Now, half the audience has just gone, “What?” And you would take them to a typing pool. So you’d go to the – we worked on a particular floor in the joint intelligence organisation, so you’d go to a particular typing pool where the typists were cleared to the highest level of access, because we were working with the space-derived intelligence. And the trick was always never hit them up just before their break and always be nice. And, strangely enough, you’d sort of work out that’s just human relationship management, right?
But my point is, think of the situation now. So in the case of my own family, I’ve got a couple of children in the public service and just the wonderful staff that we have who are the same age are roaming over open-source information, whether it’s internet available or whether it’s on the secret network or the top secret cloud. They’re applying critical reasoning, they’re applying – they’re working with coders to run, you know, algorithms over that information, stuff that – you know, we were 23, 24, 25, algorithms? – and they’re applying AI and they’re very intuitive with it.
And the wonderful thing about our terrific workforce is that they come into the job typically digitally intuitively native. They’re already there because in their personal lives they’re been curating information. Now, there is flip of that – you don’t want to be too lazy and just be relying on the feed that’s coming at you. So we’re constantly looking out for inquisitive people who can go out and get that information. And I just think in my lifetime the combination – now, I’ve touched on a couple of different things there. One is, you know, data science and just how data sets are configured and made available to our analysts and then applying smart AI over the top to find patterns and to discern information.
I think – now maybe it’s just I’m so ancient that I can remember a time where you had typing pools and typewriters –that’s what’s stunned me. Just the access to data that our staff have, their ability to manipulate that data, their ability to discern patterns, and their ability at relatively young ages compared to what, you know, we were, to come up with insights. I think part of the trick of leadership today – sort of into a different topic now; it’s more about strategic leadership and growing the capability and talent of your officers – is actually have the voice to not presume that because of your extensive 35 years of wisdom you’re going to have the answers.

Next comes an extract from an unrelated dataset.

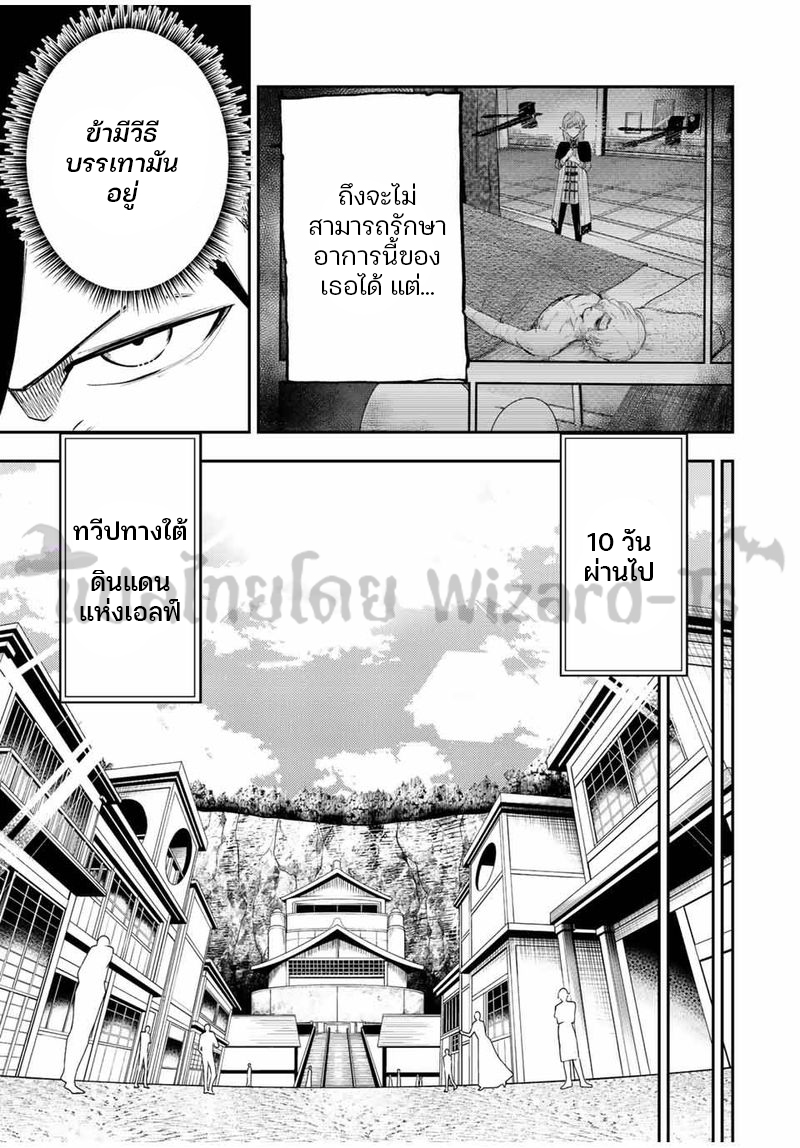 Dorei Tensei Sono Dorei Saikyou no Moto Ouji ni Tsuki ตอนที่ 66 หน้า 11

Typically what you’ll be able to bring is some guardrails that, “I’ve made that mistake before,” and typically wisdom is just code for, “I made that mistake but I got away with it.” And so there’s a nice partnership between the wisdom of experience and just this incredible capability that our younger staff members have. And not so young, too. I apologise to any colleagues in their 40s, 50s and 60s who say, “I’m a digital native.” Don’t believe it because they were growing up at the same time I was. Believe me, there was no machine on your desk, I can assure you.
Sorry, very long-winded and somewhat discursive answer to your question. But, yes, data AI and the power of fusing that with critical thinking, creative thinking and strategic imagination. It just gives us a capacity to derive insights and to develop options to deal with the most difficult problems that we just didn’t -- couldn’t dream of when I first started 35 years ago. So we’ll end there because otherwise we’ll go back into the Old Testament – we’ll keep going backwards in time.
CONVENOR: No, a long answer but a very thoughtful one. Look, we’re very grateful for the work that you do. You’re a great servant of the Australian people. You keep us safe so that we don’t get sent back to a time where we’re all relying on typists’ pools. But, ladies and gentlemen, would you please join me in thanking Secretary Pezzullo.